School choice rally Lisa Leslie
AP
September 17, 2014

A professor of education out of University of Arizona South is making the case for schools to ban homework from their education practices.

Dr. Etta Kralovec is the author of The End of Homework: How Homework Disrupts Families, Overburdens Children, and Limits Learning claims that children’s time at home could and should be used in more meaningful ways and homework actually ends up undermining the overall learning process for students.

The idea has been implemented in multiple schools across the nation and the trend appears to be growing. Many teachers, students, and parents are thrilled with the idea and have celebrated the new policy.

What school kid wouldn't be thrilled with the "no homework" movement? Kids hate homework. They love the idea of doing away with the busy work boredom of math problems and reading assignments so they can focus on the important things in life like Super Mario Kart and Minecraft.

And it makes sense that teachers like the idea. No homework means no grading homework, which means less time working for the same pay. A great deal for the teachers unions, which could never achieve such a "give back" at the collective bargaining table.

But parents should be very concerned about this trend.

According to Stephanie Brant, principal of Gaithersburg Elementary School in Maryland, the new Common Core standards and the curriculum Maryland has implemented to reach those standards had a part in her decision to eliminate homework.

"We felt like with the shift to the Common Core curriculum and our knowledge of how our students need to think differently … we wanted their time to be spent in meaningful ways," she told the Today Show.

And that's exactly why this trend should raise some major red flags for parents.

Homework time is the best opportunity for parents to see exactly what their kids are learning at school all day. It's their chance to see the textbooks, the handouts, and the assignments that their tax-funded public schools are prioritizing for their children.

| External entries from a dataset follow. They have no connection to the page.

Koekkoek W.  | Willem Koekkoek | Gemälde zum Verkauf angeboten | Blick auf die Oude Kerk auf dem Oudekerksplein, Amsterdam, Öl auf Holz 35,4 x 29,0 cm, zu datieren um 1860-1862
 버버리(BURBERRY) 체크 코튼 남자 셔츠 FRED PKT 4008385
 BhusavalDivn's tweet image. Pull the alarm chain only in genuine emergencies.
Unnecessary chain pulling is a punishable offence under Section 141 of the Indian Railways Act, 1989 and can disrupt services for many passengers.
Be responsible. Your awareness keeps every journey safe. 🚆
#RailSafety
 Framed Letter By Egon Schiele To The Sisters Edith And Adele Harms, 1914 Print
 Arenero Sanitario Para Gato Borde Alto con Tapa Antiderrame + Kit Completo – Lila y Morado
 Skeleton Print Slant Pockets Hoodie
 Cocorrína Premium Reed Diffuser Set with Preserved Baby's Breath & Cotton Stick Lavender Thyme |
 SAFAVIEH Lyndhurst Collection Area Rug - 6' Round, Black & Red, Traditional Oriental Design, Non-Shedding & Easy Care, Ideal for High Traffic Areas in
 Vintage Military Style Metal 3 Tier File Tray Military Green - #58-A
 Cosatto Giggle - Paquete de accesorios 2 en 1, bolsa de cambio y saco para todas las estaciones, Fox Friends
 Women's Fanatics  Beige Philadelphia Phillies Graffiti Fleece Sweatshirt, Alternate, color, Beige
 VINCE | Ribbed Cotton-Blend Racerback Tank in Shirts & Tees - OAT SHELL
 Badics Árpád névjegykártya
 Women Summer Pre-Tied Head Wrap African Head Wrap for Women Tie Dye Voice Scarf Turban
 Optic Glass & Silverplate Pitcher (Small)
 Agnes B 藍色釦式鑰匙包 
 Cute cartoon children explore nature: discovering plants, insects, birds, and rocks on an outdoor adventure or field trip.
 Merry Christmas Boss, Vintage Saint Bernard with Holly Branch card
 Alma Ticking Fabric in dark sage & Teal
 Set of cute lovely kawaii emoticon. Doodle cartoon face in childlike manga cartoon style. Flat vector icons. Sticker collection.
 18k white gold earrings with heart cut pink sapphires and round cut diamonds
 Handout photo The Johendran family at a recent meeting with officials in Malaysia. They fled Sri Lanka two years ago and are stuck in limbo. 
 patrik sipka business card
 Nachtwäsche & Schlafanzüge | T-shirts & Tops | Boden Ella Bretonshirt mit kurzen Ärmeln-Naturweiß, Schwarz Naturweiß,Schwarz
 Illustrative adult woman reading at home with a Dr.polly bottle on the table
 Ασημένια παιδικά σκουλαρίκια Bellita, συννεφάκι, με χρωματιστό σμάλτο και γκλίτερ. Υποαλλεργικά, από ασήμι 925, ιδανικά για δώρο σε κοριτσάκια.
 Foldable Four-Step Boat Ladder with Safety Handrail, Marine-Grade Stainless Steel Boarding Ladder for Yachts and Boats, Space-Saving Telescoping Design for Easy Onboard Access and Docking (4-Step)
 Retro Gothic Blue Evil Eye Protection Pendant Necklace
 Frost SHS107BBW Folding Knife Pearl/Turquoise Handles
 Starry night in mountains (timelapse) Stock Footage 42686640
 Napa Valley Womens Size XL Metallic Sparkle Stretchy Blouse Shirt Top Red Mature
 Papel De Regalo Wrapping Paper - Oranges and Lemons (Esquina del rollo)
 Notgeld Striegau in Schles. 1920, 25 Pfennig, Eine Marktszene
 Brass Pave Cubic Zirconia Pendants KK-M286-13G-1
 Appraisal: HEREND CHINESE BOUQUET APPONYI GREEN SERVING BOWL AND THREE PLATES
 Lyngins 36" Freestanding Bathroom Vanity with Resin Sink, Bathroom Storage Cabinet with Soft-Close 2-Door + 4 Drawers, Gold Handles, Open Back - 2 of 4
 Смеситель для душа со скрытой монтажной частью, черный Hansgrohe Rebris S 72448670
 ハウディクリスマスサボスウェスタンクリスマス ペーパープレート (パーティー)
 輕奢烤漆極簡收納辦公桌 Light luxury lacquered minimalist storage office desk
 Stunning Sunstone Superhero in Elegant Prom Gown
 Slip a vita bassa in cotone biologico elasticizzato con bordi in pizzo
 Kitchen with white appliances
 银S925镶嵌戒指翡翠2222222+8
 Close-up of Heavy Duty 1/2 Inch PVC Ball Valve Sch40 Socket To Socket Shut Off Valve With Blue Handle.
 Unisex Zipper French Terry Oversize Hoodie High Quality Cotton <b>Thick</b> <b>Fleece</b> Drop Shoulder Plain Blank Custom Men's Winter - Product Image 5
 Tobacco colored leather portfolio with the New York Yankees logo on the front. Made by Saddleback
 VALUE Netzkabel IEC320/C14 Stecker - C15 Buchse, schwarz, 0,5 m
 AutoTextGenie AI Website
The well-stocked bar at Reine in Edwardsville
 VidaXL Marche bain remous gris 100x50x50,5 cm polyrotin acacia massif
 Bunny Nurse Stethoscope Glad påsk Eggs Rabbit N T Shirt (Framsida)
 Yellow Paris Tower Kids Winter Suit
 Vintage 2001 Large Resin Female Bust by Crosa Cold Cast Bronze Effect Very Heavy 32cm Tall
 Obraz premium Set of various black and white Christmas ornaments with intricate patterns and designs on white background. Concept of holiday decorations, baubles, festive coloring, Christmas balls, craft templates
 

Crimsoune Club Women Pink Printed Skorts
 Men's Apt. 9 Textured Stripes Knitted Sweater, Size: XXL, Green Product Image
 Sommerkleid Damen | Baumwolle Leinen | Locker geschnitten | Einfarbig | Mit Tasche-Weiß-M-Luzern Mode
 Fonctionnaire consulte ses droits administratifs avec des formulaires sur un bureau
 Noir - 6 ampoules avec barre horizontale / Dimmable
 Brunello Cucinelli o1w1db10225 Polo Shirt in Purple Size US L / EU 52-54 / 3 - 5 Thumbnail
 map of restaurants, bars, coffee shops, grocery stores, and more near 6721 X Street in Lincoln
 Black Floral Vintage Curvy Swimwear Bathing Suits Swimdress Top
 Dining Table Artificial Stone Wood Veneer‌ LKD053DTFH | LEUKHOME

Homework is the daily portal parents use to peer into the classroom and keep a check on the teachers and administrators responsible for educating our kids.

Without homework assignments, the world wouldn't have learned about the D.C. public school teacher who asked 6th graders to compare George Bush to Adolph Hitler. 

Is that what educators are trying to avoid?

With the implementation of Common Core standards, Facebook timelines have been wallpapered with insanely stupid math problems and story problems and lessons that defy logic and often leave children and their parents more confused than educated.

The math problems in particular have baffled parents with their "new approach" to learning basic multiplication and division concepts and have fueled much of the public outcry over the curricula employed to meet the controversial standards. It's possible that as parents have become more active in their opposition to their public schools' methods, administrators and teachers wish to blunt the attacks by keeping parents out of the equation.

It's a simple calculation (simpler than a common core math worksheet). Parents are causing trouble when they see their kids' homework, so let's just eliminate homework and keep our business within our cinder block walls.

Parents need to be more engaged in their kids' education, not less. Say "no" to "no homework."